By Jennifer S. Davis
Press 53, 2022
Paperback: $19.95
Cloth or Paper: price
Genre: Short Fiction
Reviewed by Abby McGinn

We Were Angry book cover

Jennifer S. Davis, originally from Alabama, serves as an associate professor of English at LSU and is the Director of the Creative Writing Program. She has previously published two other collections of short stories, winning the Iowa Award for Short Fiction for Her Kind of Want. Davis’s works have also appeared in The American Scholar, One Story, and The Paris Review.

From the opening line in We Were Angry, Davis tells readers that this collection of short stories contains no fairytales. There are no Mary Sues, and no stereotypical Southern gentlemen grace the pages of her work.
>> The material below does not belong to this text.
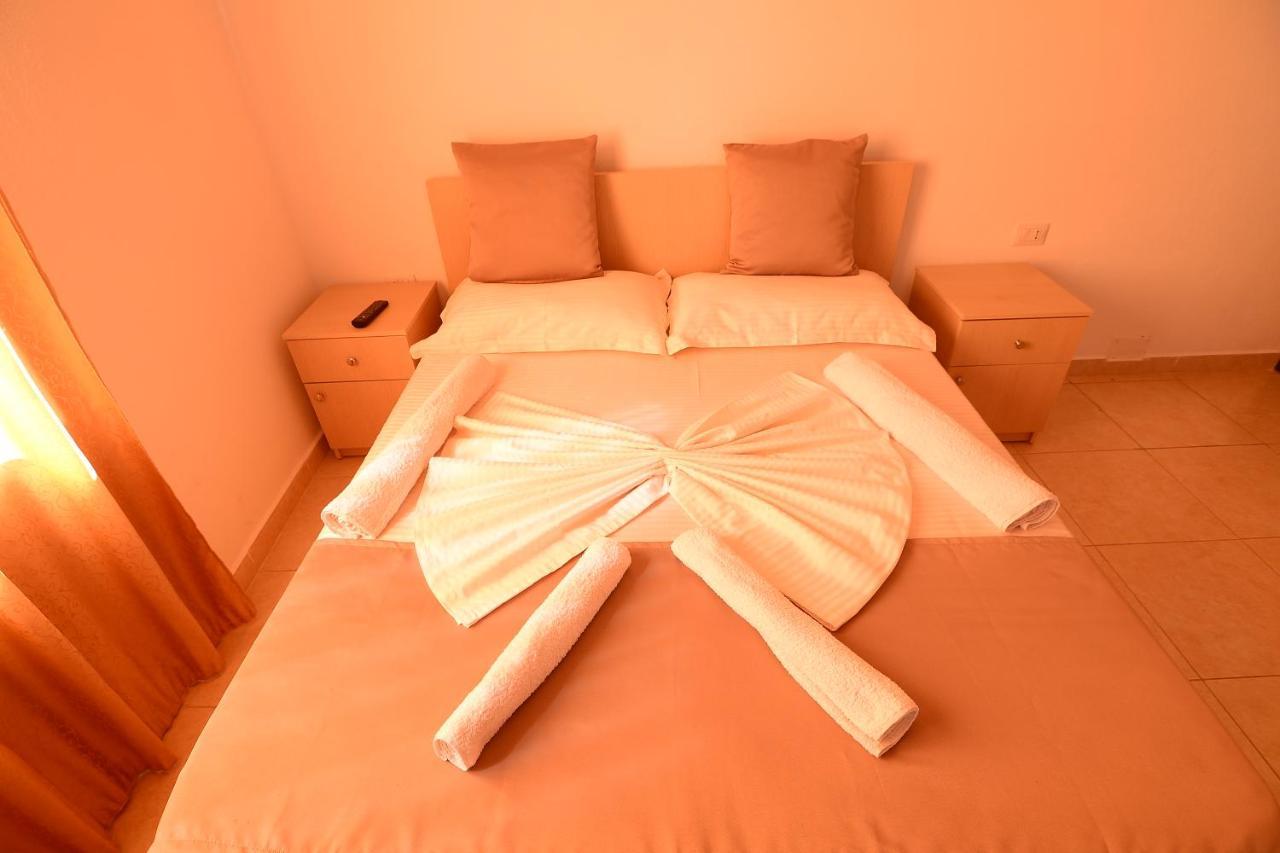Hotel Perdja Velipoje Ngoại thất bức ảnh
There are no sentimental recollections of idealized childhoods or happy days drinking mint juleps on wrap-around porches. Instead, Davis gives us a bold, unapologetic look into the hardships of growing up in small-town Alabama.

The characters within her stories aren’t clear-cut heroes and villains. All of them are complex, conflicted. They are real people. From the angry teenage girls in We Were Angry, to the silently suffering Daniel in Orbital Debris. . . all of these characters are flawed but neither black nor white. They have varying degrees of light and dark within all of them. They may anger you, yet at the same time, your heart aches for them.
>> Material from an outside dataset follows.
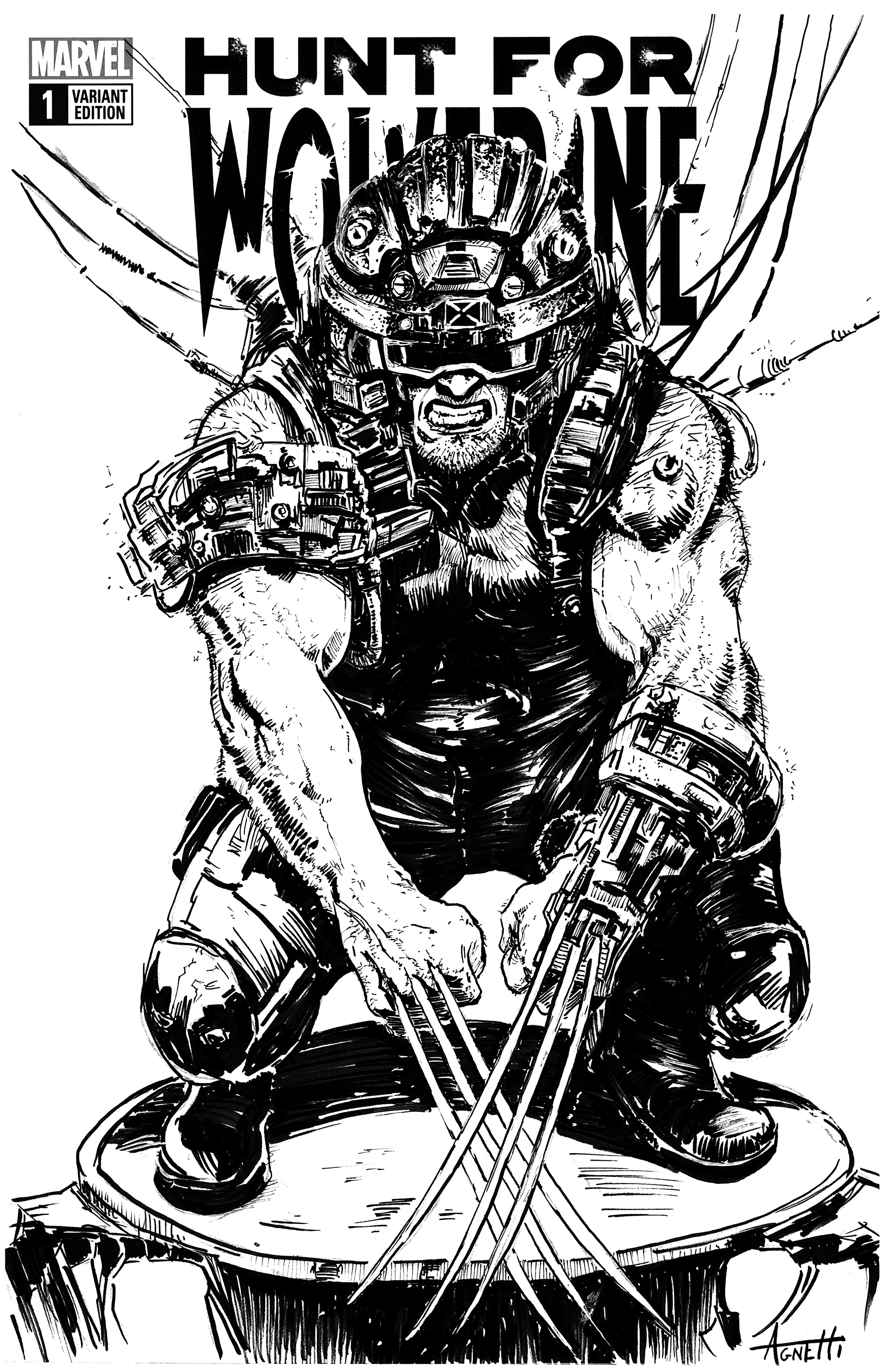 Wolverine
While We Were Angry contains no fairytales, it does contain one character archetype that’s usually found within the happily-ever-after genre: the damsel in distress. The young girls Davis includes in this work are entrapped not by a wicked villain but by a society that sets them up for failure. Even as they hope that some handsome prince from out of town will come and rescue them from joining the status quo, they acknowledge that it’s just a fantasy. They allow themselves to be misused and undervalued for the chance that, just for a moment, someone will consider them precious. In the first story, Davis writes, “The only danger we’d ever really feared in our town was an inability to leave it.”

Mandy, the only character within We Were Angry who could be considered by some as a princess, is “not like us,” as noted by the narrator. She’s everything her female classmates wish they were: a beautiful, smart girl who lived in a nice house by the lake with two loving parents. But Mandy struggles with her own inner demons. She knows she’s hated by her peers; after all, they prank her, gossip about her, and even go as far as stabbing the tires of her car with a hunting knife.

Yet for all of the tragedy, We Were Angry has glimpses of the best of human nature. Mandy’s mother is depicted as kind and affectionate. When tragedy strikes, the same teenage girls who are envious of Mandy show concern for her mother. In another story, an elderly woman who doesn’t particularly care for children shows compassion for a young boy, offering him shelter from a storm. Characters reflect on those they have loved deeply and lost. Davis writes about darkness, it’s true . . . but she also writes about hope, love, and tenderness. She accurately captures the worries, hardships, and fears that dwell in the heart of the Southern youth. We Were Angry drives readers to compassion, to care for those around them. And personally, while it was an emotional read, I felt understood and seen, and that itself is a great comfort.

Abby McGinn studied music and English with a concentration in creative writing at Huntingdon College in Montgomery, Alabama. She now resides in Prattville and spends her free time writing, frequenting local coffee shops, and introducing her toddler to the joys of the library.